#### Provided material

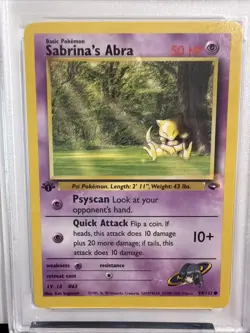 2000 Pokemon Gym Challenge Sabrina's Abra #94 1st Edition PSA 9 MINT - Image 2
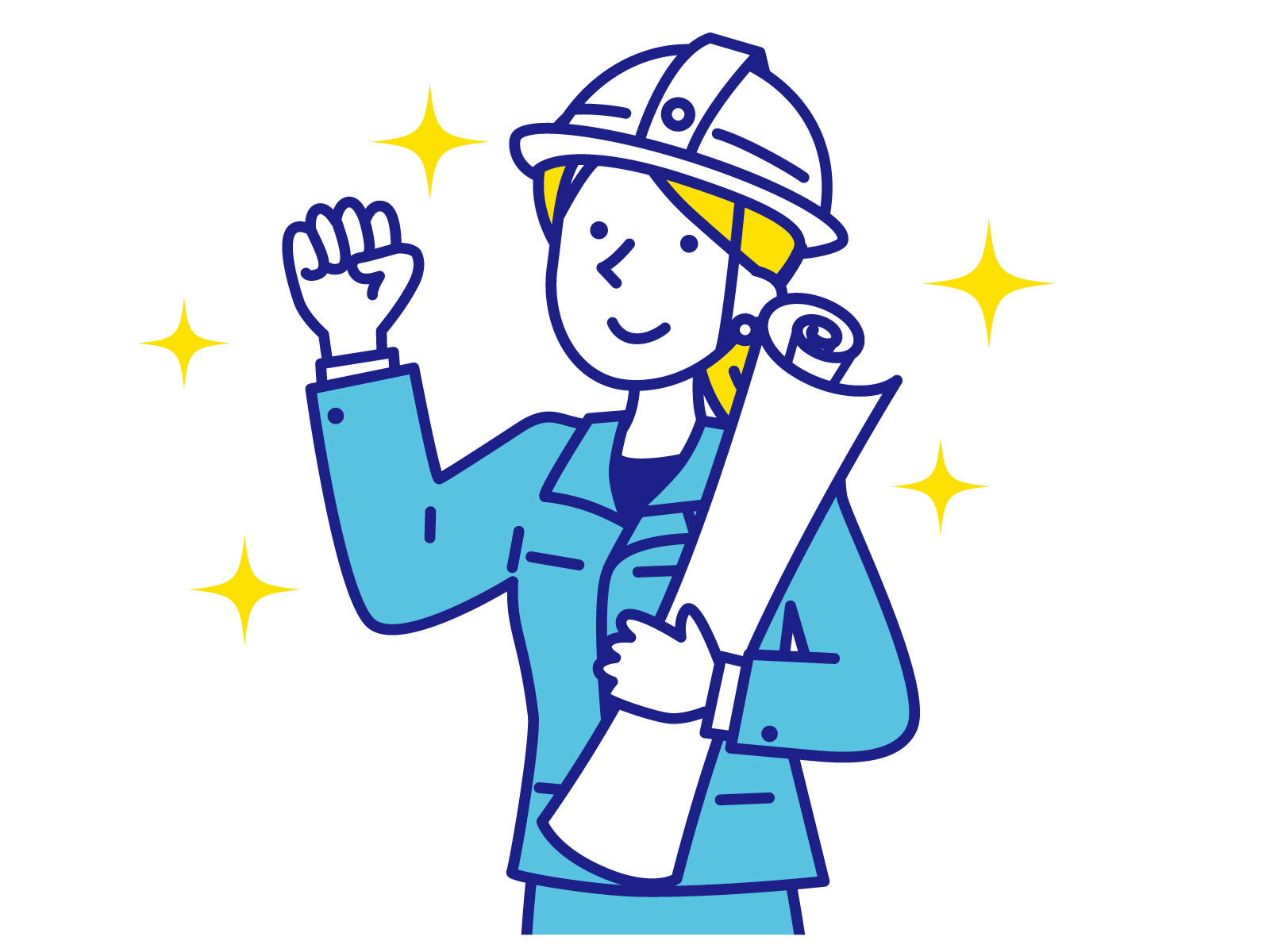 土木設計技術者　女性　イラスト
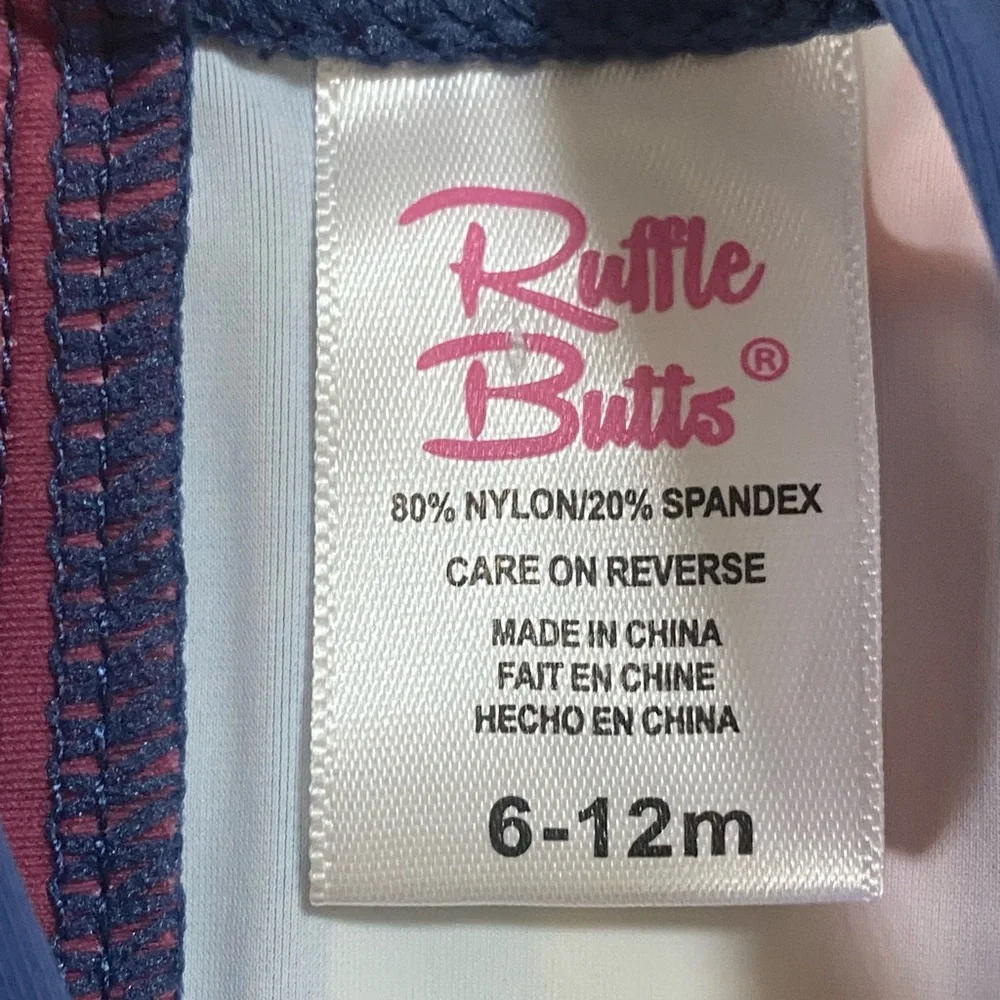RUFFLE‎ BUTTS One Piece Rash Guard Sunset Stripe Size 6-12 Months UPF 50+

########

◆ What you are asked to do
An exact copy of the listing above, minus its pictures, is what is needed here.

◆ Answer box
 2000 Pokemon Gym Challenge Sabrina's Abra #94 1st Edition PSA 9 MINT - Image 2
 土木設計技術者　女性　イラスト
RUFFLE‎ BUTTS One Piece Rash Guard Sunset Stripe Size 6-12 Months UPF 50+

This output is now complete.